The Art of SQL Server Database Administration, Development, and Career Skills for the Technically Minded
“I don’t always query XML, but when I do; I drink dos equis” – Dan Sorensen.
This is the first tutorial in a complete series on XPath/XQuery. The master post for this series can be found here.
Whether you like it or not, XML is everywhere in SQL Server. It isn’t a matter of if you’ll have to deal with XML as a DBA but when. Take a quick look at the sys.dm_os_ring_buffers. This little gem stores a wealth of knowledge about what’s going on with your server’s memory. If you run a select statement against that dmv however you will find that all the really helpful information is stored within an XML document. XML also pops up in query plans, deadlock graphs, extended events, and a growing number of other areas within SQL Server critical to DBAs.

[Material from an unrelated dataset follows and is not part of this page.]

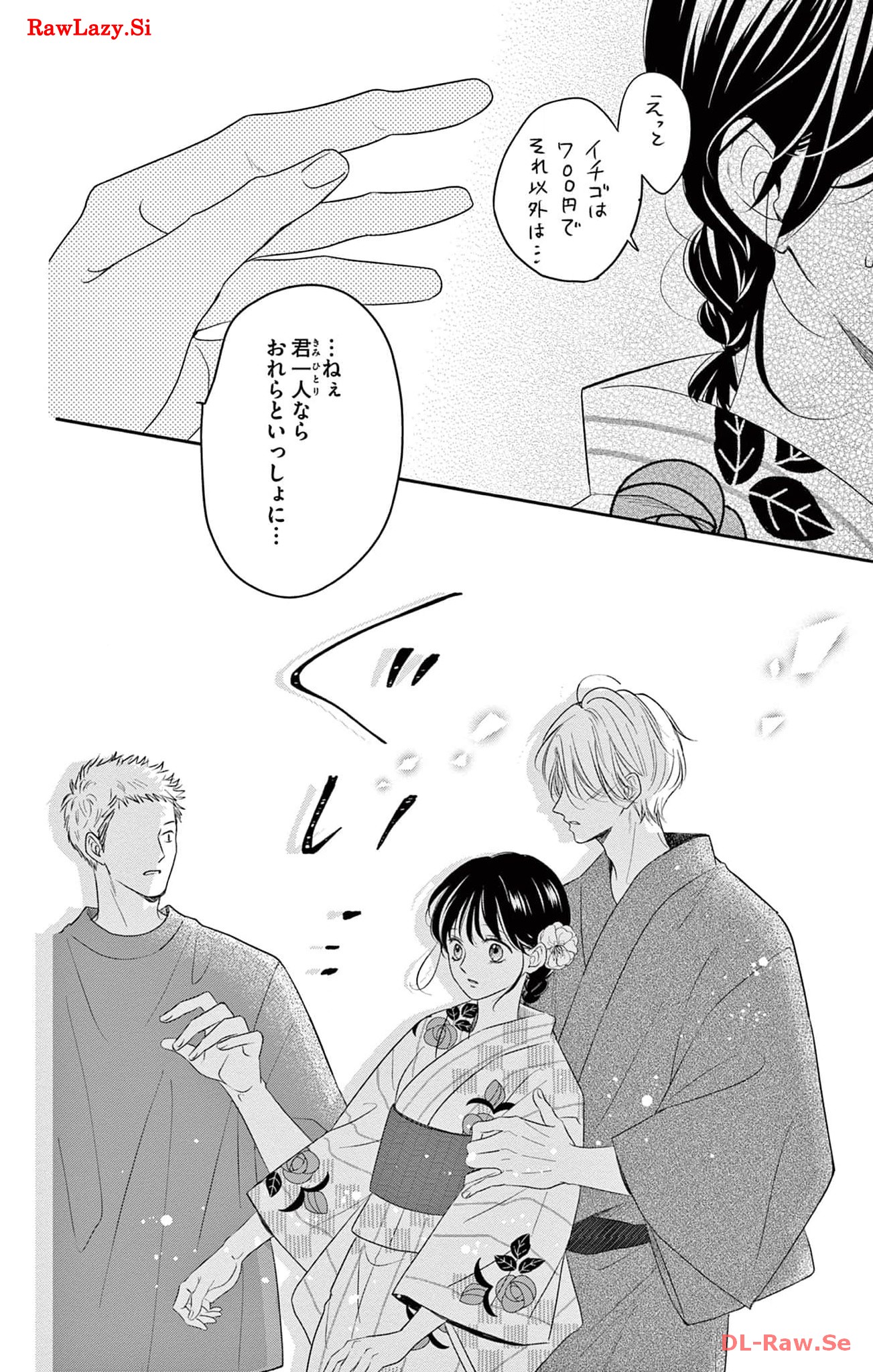 P28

Grant Fritchey wrote an excellent article last year on navigating the XML message provided by the ring buffer dmv. After you complete my walk-through I challenge you to use XPath to modify, extend, and build upon what he wrote. The key to learning something is using it in practice.
Navigating XML with XPath
Even though some people mistakenly use the two terms interchangeably XPath is actually a subset of XQuery. XQuery implements XPath; but each remain their own standard. Further, Microsoft does not implement 100% of either standard in SQL Server. The XPath and XQuery that you’ll find in SQL Server is a partial set of features defined in the XQuery 1.0 and XPath 2.0 W3C standards. (see link for full MS support document)
XPath is used for navigation of an XML document and can return a sequence of values contained within the element(s) identified by the path. XQuery can leverage XPath but also provides much more functionality of its own such as looping and re-ordering. It’s important to know the difference because while not as powerful, XPath alone is much more performant. I’ll tackle the larger topic of XQuery in my next post.
I’m a fantasy baseball geek so I wrote a simple baseball related XML document to use as an example. Thorough explanations abound on the web if you need a refresher on what makes a document valid XML.
DECLARE @x XML SET @x = '<fantasy> <player Position="3B"> <name>Evan Longoria</name> <team>Rays</team> <slg>512</slg> </player> <player Position="OF"> <name>Carolos Gonzales</name> <team>Rockies</team> <slg>530</slg> </player> <player Position="C"> <name>Buster Posey</name> <team>Giants</team> <slg>486</slg> </player> </fantasy>'; SELECT @x.query('fantasy/player/team')
@x is a variable of XML data type that has been set to contain my sample document. The select statement is using the query method of @x which is one of the various methods available to the XML data type within TSQL. The string ‘fantasy/player/team’ being passed to the query method is a simple XPath statement. Run the query and you get:
Steps and Node Tests
It’s usually easiest to read an XPath statement right to left. Stepping through the statement above we are saying:
It reads much like a folder system or a URI. If you do read it right to left just don’t forget that it must ultimately find it’s way back to the root node ( or at least a level one node if the xml doc isn’t well formed ).
In XPath lingo each section of a path statement divided by a forward slash is called a step. To dive further into XPath lingo, each of the steps above complete a node test.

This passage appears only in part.